Tours > Hadrian's Wall |
by David Nash Ford BA, Editor, History on Britannia
Only forty years after the Roman invasion, the Imperial army had overrun almost the whole of Britain. With their great victory at
Mons Graupius (AD 84) in the Grampian Mountains of modern Scotland, the Latin peoples made themselves the new masters of the Isles. However, troubles elsewhere in the Empire soon led to troop withdrawals and, by about AD 105, the Northern border of the Empire was set at Stanegate, the road running between the supply bases of Carlisle (Cumberland) and Corbridge (Northumberland). The Emperor Hadrian then visited Britain and decided to formalise the arrangement by building an eighty Roman mile stone wall as a frontier to keep out the troublesome Picts. Work was begun in AD 122 and was probably completed by the end of the decade. Though the area was abandoned for a push north in the AD 140s, by AD 161, it was firmly established as the Imperial border.
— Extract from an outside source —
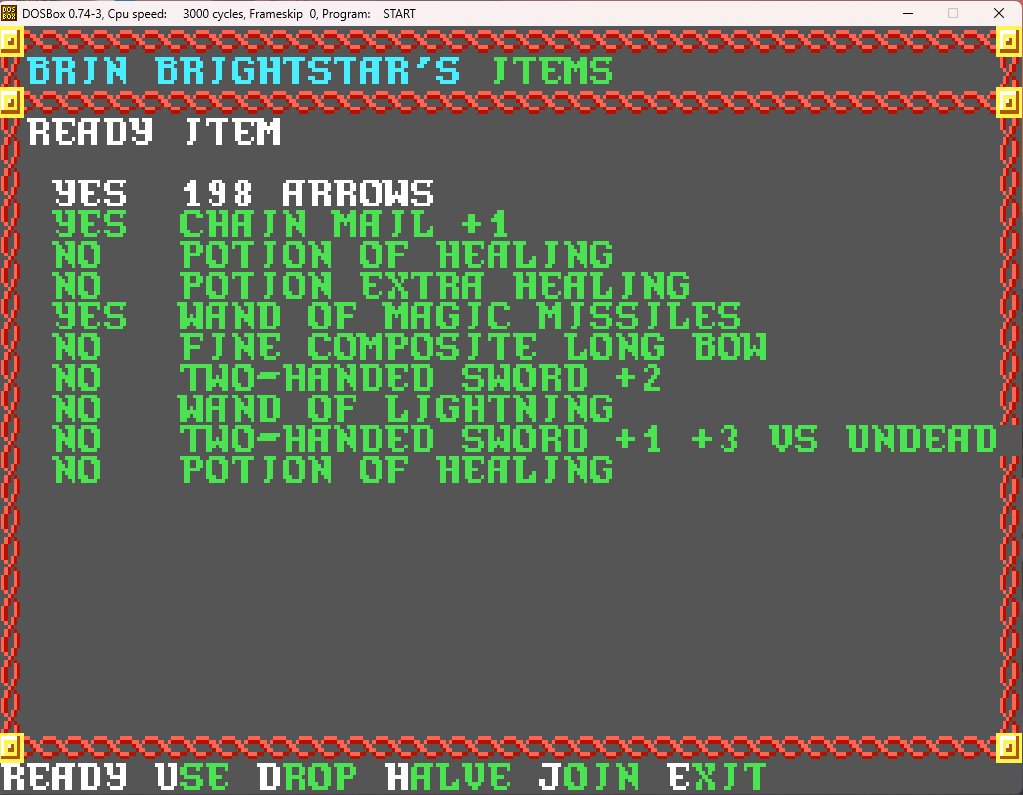 Screenshot 2024-05-01 214628.png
Hadrian's Wall stretched some seventy-three and half modern miles from Bowness, on the Solway in the east, to Wallsend on the Tyne in the west. It consisted of a fifteen Roman foot high stone wall behind a V-shaped ditch. Faced with carefully cut limestone and filled with rubble, it was planned to be ten Roman feet thick, though this was later reduced to six or eight feet in places. There was a large ditch with attendant earthworks to the south, called the
Vallum, and the wall was punctuated by a series of twenty-four playing-card shaped forts for large garrisons. Between these were built little 'milecastles' every Roman mile (1,620 modern yards) for a maximum of sixty-four men; while two-storeyed turrets, two between each milecastle, acted as signal stations manned by four soldiers at a time.
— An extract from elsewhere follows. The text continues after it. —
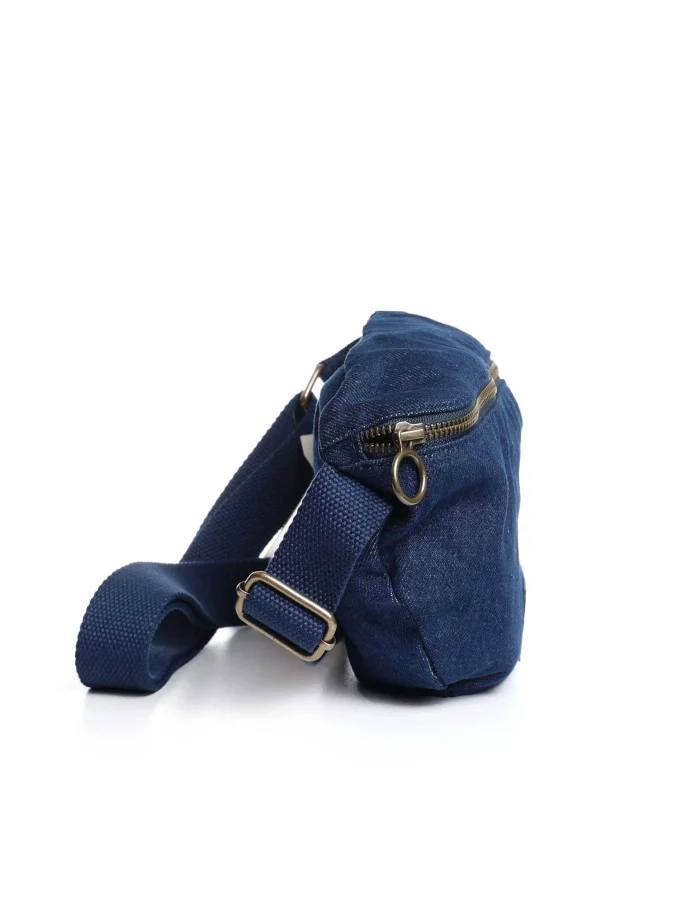 Levi's - Devon Crossbody Bag 2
Over the years since the Roman military left our shores (around AD 410), the wall has been a convenient stone quarry for generations for Northcountrymen. Roman stonework can be detected in almost every ancient building in the district along the wall and churches in the area even have topsy-turvy inscriptions embedded in their walls. Despite this, its historical importance was recognised by a number of eminent antiquaries by the beginning of the 19th century and large stretches have been preserved for the generations of today and tomorrow. The wall has now even been proclaimed as a World Heritage Site. 'Walking the Wall' is a popular holiday passtime and many of the excavated forts are open to the public. Some of the best places to see the wall itself are at Birdoswald, Willowford, Walltown Crags, Cawfields, Hotbank Crags, Steel Rigg, Housesteads or Sewingshield Crags. All are well signposted from Stanegate (the B6318).